Au Mali, où l’urgence consiste à endiguer la pauvreté, l’analphabétisme et la sécheresse, ces don Quichotte en djellaba ont choisi de commencer par la tournée des bars, avec pour divine mission la destruction des réserves d’alcool. Sur les écrans de télévision du monde entier, ils ont brandi en guise de trophées des bouteilles de bière qu’ils ont cassées aux cris d’« Allah Akbar ! ». Quelle prouesse ! Quel héroïsme ! Après quoi ils ont réitéré l’exploit des talibans – qui avaient commis l’infâme en détruisant les bouddhas de Bamiyan -, s’en prenant aux statuettes de divinités africaines millénaires. Puis ce fut le tour des amulettes et des grigris, avant la profanation des tombes et des mausolées.
Purificateurs
Les djihadistes ne cessent de prôner l’esthétique de la laideur et la culture de la mort.
Rien n’empêche désormais ces purificateurs de brûler les manuscrits de Tombouctou, qu’ils jugeraient « hérétiques ». Et pourquoi pas remplacer le bambara et le songhaï par l’arabe ? Pourquoi pas sortir de la tête des enfants les contes de griots et interdire les palabres sous prétexte qu’elles brouilleraient le message de la charia ? Entre-temps, les salafistes s’emploieraient à couvrir les Africaines de la tête au pied.
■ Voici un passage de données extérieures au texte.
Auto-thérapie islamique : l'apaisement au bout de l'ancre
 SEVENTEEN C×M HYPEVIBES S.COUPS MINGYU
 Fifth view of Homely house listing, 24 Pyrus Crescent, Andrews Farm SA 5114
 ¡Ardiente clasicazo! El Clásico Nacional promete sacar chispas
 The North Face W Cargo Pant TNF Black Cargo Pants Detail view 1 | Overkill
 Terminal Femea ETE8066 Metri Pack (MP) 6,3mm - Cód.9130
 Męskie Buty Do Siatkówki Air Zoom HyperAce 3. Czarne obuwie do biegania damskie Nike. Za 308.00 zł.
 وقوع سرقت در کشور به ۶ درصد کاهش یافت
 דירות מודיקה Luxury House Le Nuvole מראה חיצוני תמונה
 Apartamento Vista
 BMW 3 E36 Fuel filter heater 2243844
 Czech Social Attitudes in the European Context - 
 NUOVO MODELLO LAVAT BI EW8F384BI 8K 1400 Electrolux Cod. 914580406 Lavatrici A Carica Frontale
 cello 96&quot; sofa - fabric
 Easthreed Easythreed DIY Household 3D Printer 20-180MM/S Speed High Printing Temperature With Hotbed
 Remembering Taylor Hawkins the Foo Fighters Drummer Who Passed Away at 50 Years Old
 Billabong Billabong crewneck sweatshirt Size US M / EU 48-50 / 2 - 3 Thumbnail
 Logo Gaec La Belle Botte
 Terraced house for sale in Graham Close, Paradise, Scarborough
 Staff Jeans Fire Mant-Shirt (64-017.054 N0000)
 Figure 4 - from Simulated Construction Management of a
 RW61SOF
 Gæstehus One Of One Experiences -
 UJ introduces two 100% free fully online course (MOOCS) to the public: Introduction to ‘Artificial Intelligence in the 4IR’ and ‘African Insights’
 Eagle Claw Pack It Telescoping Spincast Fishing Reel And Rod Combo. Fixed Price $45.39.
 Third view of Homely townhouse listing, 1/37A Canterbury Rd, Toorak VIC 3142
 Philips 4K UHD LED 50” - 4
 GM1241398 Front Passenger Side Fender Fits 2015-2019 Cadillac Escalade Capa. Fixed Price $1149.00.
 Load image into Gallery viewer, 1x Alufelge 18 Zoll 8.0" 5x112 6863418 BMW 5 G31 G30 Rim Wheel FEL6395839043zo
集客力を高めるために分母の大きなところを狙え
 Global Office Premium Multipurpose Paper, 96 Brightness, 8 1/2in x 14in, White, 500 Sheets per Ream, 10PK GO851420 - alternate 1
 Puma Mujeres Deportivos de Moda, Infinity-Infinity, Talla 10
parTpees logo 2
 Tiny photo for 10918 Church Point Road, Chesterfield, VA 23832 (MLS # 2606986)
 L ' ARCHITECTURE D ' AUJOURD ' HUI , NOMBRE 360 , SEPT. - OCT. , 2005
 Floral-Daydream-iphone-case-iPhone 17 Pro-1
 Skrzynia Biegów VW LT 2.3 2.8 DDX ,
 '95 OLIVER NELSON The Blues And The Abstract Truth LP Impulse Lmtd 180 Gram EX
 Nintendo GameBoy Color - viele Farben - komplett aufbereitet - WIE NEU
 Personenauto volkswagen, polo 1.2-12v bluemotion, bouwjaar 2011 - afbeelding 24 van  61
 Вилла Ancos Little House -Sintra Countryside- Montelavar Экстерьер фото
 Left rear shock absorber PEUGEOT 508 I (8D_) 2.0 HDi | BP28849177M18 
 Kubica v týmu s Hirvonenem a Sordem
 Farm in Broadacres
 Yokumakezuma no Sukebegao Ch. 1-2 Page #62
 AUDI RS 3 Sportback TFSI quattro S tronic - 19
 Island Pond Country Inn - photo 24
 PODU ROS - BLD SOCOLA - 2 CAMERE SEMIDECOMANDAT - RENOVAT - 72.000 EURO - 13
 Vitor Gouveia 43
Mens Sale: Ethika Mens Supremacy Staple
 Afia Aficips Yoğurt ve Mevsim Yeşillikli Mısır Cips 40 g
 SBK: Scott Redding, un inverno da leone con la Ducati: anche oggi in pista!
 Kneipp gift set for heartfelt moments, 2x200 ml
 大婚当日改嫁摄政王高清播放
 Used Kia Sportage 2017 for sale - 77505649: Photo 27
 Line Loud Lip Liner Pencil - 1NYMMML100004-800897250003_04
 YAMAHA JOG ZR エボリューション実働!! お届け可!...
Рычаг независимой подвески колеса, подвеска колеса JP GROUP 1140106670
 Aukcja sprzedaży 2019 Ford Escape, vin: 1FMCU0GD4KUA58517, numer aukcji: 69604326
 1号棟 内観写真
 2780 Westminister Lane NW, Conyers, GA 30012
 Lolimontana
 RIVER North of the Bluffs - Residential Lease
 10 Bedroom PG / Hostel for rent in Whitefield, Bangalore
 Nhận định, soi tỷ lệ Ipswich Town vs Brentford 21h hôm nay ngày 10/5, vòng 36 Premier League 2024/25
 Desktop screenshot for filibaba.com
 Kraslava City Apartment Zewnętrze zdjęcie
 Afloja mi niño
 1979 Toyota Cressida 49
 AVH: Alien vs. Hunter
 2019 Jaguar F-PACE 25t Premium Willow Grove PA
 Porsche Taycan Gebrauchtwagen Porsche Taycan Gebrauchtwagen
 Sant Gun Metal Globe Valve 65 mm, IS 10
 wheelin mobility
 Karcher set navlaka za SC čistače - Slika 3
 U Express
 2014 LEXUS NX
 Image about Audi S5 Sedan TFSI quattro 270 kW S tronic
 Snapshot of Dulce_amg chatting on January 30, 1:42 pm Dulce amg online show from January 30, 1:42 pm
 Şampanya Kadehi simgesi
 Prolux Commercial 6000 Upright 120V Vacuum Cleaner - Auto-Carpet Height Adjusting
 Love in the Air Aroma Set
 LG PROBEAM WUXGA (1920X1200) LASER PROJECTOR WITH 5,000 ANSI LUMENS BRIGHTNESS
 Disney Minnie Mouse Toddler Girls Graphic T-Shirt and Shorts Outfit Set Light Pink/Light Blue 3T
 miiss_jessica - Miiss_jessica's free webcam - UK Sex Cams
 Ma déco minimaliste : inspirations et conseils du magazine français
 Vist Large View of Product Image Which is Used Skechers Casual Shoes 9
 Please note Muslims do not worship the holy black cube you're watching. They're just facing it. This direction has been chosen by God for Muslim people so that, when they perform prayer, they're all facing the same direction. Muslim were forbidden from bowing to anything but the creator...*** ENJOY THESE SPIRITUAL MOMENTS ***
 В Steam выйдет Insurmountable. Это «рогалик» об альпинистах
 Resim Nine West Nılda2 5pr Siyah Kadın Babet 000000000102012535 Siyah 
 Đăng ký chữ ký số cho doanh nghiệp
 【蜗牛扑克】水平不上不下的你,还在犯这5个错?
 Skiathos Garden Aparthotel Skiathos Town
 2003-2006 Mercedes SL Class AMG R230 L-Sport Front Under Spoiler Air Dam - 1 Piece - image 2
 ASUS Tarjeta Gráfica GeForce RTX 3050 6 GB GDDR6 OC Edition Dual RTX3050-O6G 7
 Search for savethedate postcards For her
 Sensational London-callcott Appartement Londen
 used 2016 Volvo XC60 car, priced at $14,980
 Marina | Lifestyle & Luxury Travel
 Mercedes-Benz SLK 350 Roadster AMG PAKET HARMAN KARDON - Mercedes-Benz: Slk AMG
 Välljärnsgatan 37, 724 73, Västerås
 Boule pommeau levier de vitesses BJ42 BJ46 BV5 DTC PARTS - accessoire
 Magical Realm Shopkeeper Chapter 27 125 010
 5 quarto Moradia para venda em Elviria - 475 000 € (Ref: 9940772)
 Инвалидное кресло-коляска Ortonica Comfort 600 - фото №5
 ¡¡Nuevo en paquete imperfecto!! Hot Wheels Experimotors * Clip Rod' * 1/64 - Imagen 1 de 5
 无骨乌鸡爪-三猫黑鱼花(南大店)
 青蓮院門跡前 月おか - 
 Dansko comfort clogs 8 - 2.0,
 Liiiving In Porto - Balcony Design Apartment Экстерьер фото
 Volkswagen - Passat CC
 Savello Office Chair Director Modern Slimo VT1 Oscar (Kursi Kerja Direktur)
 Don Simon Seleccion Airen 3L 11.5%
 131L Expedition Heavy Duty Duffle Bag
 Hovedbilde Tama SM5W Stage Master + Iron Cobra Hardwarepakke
Enfermez-moi donc toutes ces graines du diable qui s’obstinent à se faire de jolies nattes et à gambader comme des gazelles ! Brûlez-moi ces tissus en bogolan et ces boubous en basin. La musique ? La voix du muezzin remplacera la kora et le n’goni. Fêter les récoltes au pas du soumou ? Vous plaisantez ? Les danses masquées ? Vous savez bien que le seul masque qui vous sied est le tchador !
Ainsi serait l’Afrique d’Aqmi et d’Ansar Eddine – dont le nom signifie « défenseurs de la religion », mais qui, en réalité, en sont les pires détracteurs. Plutôt que de se souvenir, comme le clame l’adage, que « Dieu est beau et aime la beauté », les djihadistes ne cessent de prôner l’esthétique de la laideur et la culture de la mort. Alors, le jour où l’Afrique sera l’Africanistan, on y perdra non seulement l’âme du continent mais la mémoire du monde. Et l’on parlera, à raison, du plus grand crime contre l’humanité.